Она отправляла мне из Иерусалима посылки со смешными рисунками, замечательными маковыми пирогами и рассказами о ее муже и маленьком сыне, которые меня не интересовали. Яков тоже присылал мне письма — короткие и редкие, написанные наклонным почерком и с ошибками, которые соответствовали его манере речи. Глоберман, по своему обычаю, отправлял деньги, и на каждой кредитке, возле подписи управляющего государственным банком, добавлял свою собственную и еще одно-два слова. А Моше не посылал мне ничего, но всегда провожал до самой молочной фермы, когда я на исходе субботы уходил, чтобы вернуться на базу. Теперь я уже был намного выше его. Он обнимал меня на прощанье, долго тискал мою руку в своей шершавой медвежьей ладони, а потом я взлетал в заоблачные выси одедовской кабины и уезжал.

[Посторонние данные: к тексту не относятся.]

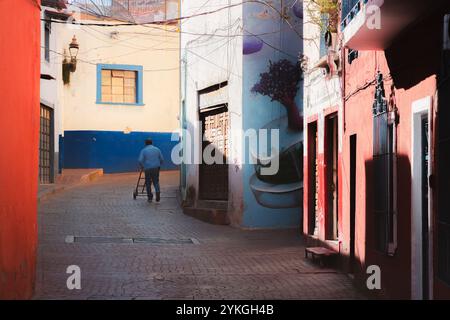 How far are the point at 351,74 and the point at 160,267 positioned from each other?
3894 mm

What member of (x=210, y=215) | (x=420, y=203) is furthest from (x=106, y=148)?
(x=420, y=203)

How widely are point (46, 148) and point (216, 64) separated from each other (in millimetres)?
7650

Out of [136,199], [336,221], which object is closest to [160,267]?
[336,221]

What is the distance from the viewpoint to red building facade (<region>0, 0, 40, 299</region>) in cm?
669

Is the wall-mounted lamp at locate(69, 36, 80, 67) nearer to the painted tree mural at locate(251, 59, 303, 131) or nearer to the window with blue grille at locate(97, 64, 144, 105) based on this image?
the window with blue grille at locate(97, 64, 144, 105)

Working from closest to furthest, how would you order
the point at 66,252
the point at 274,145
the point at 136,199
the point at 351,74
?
the point at 351,74 < the point at 66,252 < the point at 274,145 < the point at 136,199

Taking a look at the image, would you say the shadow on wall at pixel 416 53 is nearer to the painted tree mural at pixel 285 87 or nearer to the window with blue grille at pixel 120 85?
the painted tree mural at pixel 285 87

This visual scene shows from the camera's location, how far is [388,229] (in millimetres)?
7754

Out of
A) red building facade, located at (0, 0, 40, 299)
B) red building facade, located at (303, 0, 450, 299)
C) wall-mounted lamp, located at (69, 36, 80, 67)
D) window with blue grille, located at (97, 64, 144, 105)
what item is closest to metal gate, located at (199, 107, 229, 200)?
red building facade, located at (303, 0, 450, 299)

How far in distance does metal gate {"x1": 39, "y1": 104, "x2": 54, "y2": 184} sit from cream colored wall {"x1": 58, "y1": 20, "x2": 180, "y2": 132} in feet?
14.9

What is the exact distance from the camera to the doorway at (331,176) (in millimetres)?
11383

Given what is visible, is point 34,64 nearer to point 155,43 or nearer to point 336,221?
point 336,221

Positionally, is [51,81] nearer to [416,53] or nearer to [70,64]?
[70,64]

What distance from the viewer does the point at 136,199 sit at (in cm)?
1959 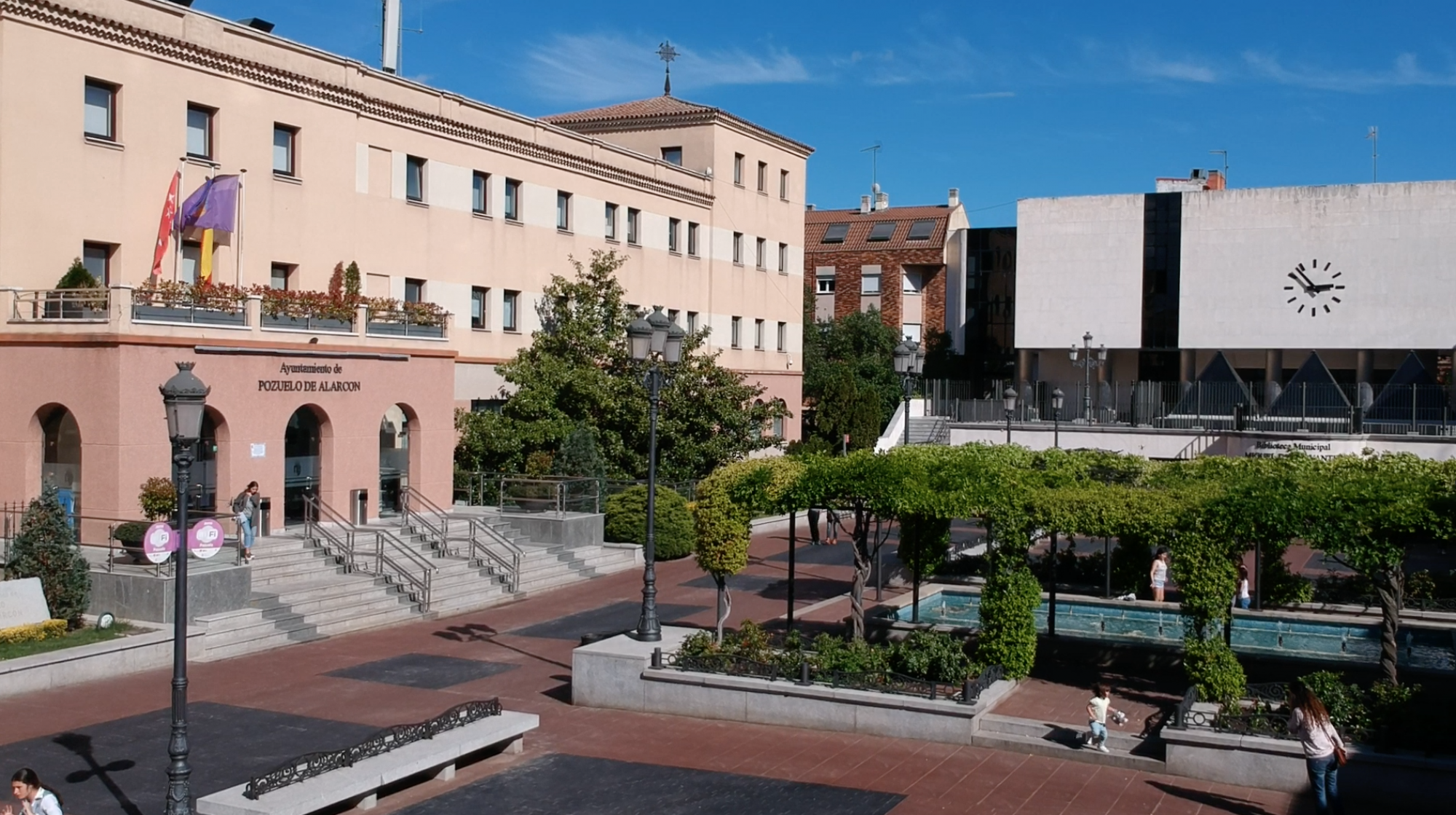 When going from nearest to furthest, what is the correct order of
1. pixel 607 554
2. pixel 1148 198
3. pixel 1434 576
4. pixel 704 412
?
pixel 1434 576, pixel 607 554, pixel 704 412, pixel 1148 198

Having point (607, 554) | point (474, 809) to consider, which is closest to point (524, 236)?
point (607, 554)

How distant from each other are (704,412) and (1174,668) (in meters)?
19.4

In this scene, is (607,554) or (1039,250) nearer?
(607,554)

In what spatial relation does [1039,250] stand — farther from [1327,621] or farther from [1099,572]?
[1327,621]

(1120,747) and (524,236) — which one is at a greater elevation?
(524,236)

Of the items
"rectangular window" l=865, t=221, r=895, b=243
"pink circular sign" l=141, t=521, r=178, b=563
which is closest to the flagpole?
"pink circular sign" l=141, t=521, r=178, b=563

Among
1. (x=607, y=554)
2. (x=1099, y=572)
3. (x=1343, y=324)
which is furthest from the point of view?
(x=1343, y=324)

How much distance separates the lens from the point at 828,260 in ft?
235

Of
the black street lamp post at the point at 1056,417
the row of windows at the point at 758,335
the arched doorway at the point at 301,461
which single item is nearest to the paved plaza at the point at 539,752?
the arched doorway at the point at 301,461

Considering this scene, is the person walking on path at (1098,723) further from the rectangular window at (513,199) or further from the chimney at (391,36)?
the chimney at (391,36)

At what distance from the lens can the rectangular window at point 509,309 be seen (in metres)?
37.7

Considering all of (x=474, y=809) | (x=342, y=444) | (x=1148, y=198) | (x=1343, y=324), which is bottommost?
(x=474, y=809)

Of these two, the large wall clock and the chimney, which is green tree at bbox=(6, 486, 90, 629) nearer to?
the chimney

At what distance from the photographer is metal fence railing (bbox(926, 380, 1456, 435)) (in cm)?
4794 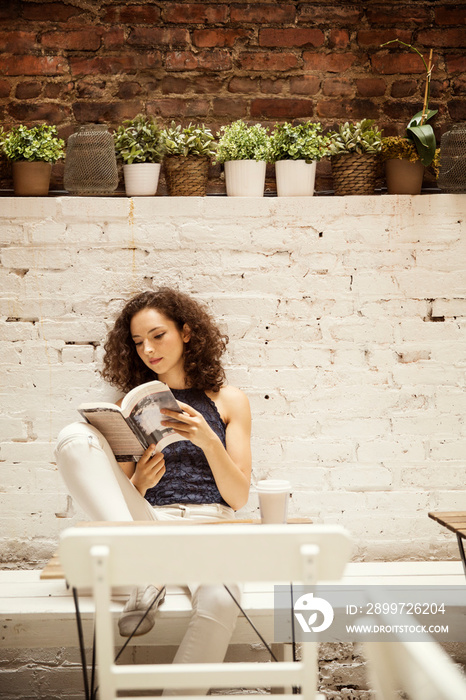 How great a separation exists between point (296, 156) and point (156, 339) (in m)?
0.81

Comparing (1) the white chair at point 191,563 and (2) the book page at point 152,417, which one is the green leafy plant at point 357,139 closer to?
(2) the book page at point 152,417

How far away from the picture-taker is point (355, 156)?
2.36 meters

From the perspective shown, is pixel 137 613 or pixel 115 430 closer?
pixel 137 613

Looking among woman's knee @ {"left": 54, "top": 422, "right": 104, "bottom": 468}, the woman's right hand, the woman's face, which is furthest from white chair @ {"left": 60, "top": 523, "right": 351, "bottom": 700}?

В тысяча девятьсот шестьдесят первом году я закончил службу, сдал свой снайперский маузер и телескопический прицел, вернулся в деревню и отказался от предложения Глобермана учиться торговать скотом.
— Это приличная работа. Зейде, — сказал он мне. — И это специальность, которая всегда переходит от отца к сыну. Я научу тебя всему, что нужно, и сделаю из тебя «а файнер сойхер», скупщика первый сорт, как если бы ты сам родился на «клоце».
При всей моей симпатии к Глоберману меня вполне устраивало, что я родился на полу коровника. И я не думал, что родись я на мясницкой колоде, это как-то улучшило бы мою родословную. Но Глоберман был щедрый отец, увлекательный собеседник и неистощимый источник занятных историй, оценок и суждений, и я то и дело присоединялся к нему на денек-другой — поработать и послушать его рассказы.
— Мама перевернулась бы в гробу, — сказал я ему, — если бы знала, что я еду с тобой на бойню.
Мы ехали в его старом зеленом пикапе по проселочной дороге Долины, и Глоберман в очередной раз щедро делился со мной поучениями и назиданиями.
— Гиб а кук, Зейде, погляди, — сказал он. — Вот тут был когда-то лагерь итальянских военнопленных. Вон там, где тот маленький холмик, — там была их кухня. А те красные кирпичи — это все, что осталось от печной трубы. Они тут целыми днями пили, и варили, и плясали, и из этой их трубы шли самые лучшие в мире запахи. А в заборе была большая дыра, о которой все знали, и пленные могли спокойно выходить через нее и спокойно возвращаться, не мешая охранникам. Спроси при случае Шейнфельда, — добавил он. — Шейнфельд знал этих итальянцев еще лучше, чем я.
Какая-то хитринка послышалась мне в его голосе. Я знал, что он имеет в виду, но понимал, что он меня испытывает, и не подал вида.
Пикап шел виляя, переваливаясь на своих изношенных рессорах, и несчастную корову, стоявшую в кузове, швыряло от борта к борту. Глоберман был бездарный водитель. Его то и дело заносило на обочину, и он всякий раз таранил какое-нибудь несчастное животное или дерево, которые не успели увернуться. Одед, который за много лет до того учил его вождению, как-то сказал мне: «Ты будь осторожен, когда едешь с ним. Он уверен, что переключатель скоростей — это чтобы масло в двигателе размешивать».
Глоберман спросил, были ли у меня в армии какие-нибудь «цацкес».
— Меня не так уж интересуют «цацкес», — сказал я.
— Не важно, каждый человек в конце концов получает в точности ту «цацу», ту женщину, которую он заслуживает. Как это у нас говорили? Рувим получает «а цацке», Шимон получает «а клавте», а Леви получает «балабусте». Одному достается красотка, другому ведьма, а третьему — хорошая домохозяйка. Может, мне стоит самому подыскать для тебя приличную цацку, а, Зейде? Такую поядреннее, чтобы у нее тело было — как плечо годовалого бычка, представляешь?! Когда такая «цаца» держит тебя обеими ногами и смеется, у тебя все тело поет, как птица. Когда-нибудь, когда ты научишься разбираться в мясе, ты поймешь, что я имею в виду. А пока придется ждать — может, нам еще повезет найти такую.
— А если не повезет?
— Э-э, в мире полным-полно баб-редисок, и баб-картошек, и баб, которые как крутое яйцо. Я ведь тебе уже говорил — каждый получает то, что ему причитается, точка.